Regia di Luigi Comencini vedi scheda film
Fino alla seconda guerra mondiale c'era l'usanza di mandare al macero le pellicole già proiettate, dopo qualche mese dalla loro uscita, poichè non avevano più alcun utilizzo concreto. In tal modo si potevano recuperare anche la celluloide e i sali necessari per impressionarla, tutto materiale destinato al riciclo. Ma nel 1935 l'istituzione della Cineteca italiana, a Milano, cominciò a cambiare le cose.

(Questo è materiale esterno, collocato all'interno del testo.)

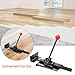 Yesland Flooring Jack, Professional Hardwood Flooring Jack and Positioning Tool for Straightening and Installing Laminate Hardwood Wood Tile Floor Without Pry Bars and Crowbars, Black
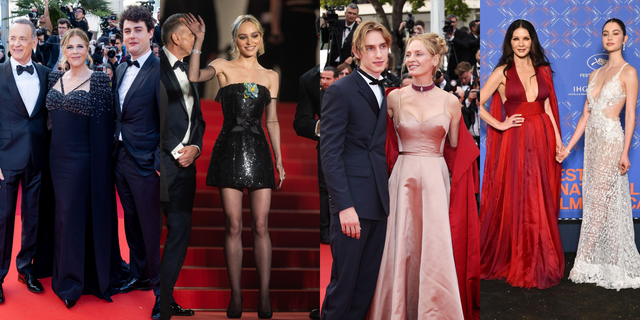 celebrity children at cannes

Uno dei primi lavori per Luigi Comencini, che aveva già esordito l'anno precedente (1948) nel lungometraggio con Proibito rubare, ma che, come era uso in quegli anni, continuava comunque a girare anche cortometraggi. Poco più di dieci minuti dura questo Il museo dei sogni, dedicato alla Cineteca italiana, sorta in maniera pressochè clandestina nel 1935, a Milano, e destinata a sconvolgere una deleteria abitudine del cinematografo nostrano fino ad allora data per scontata: la distruzione delle pellicole già proiettate - di qualsiasi genere, durata, rilevanza artistica - dopo qualche mese dalla loro uscita, quando diventavano a tutti gli effetti inservibili e potevano quantomeno garantire della materia prima (celluloide e sali) riciclata. A pensarci oggi questo breve film parla di cose inconcepibili, eppure nel 1949 non esisteva neppure la televisione, che sarebbe divenuto un altro elemento fondamentale nel processo di salvaguardia - e persino di restauro - delle vecchie pellicole; il lavoro di Comencini è cronachistico, con una voce off (Piero Gallinari) che commenta le immagini: la prima parte è dedicata al processo di smaltimento e riciclo delle pellicole vecchie, mentre la seconda entra più nel dettaglio sull'argomento della Cineteca italiana. 6/10.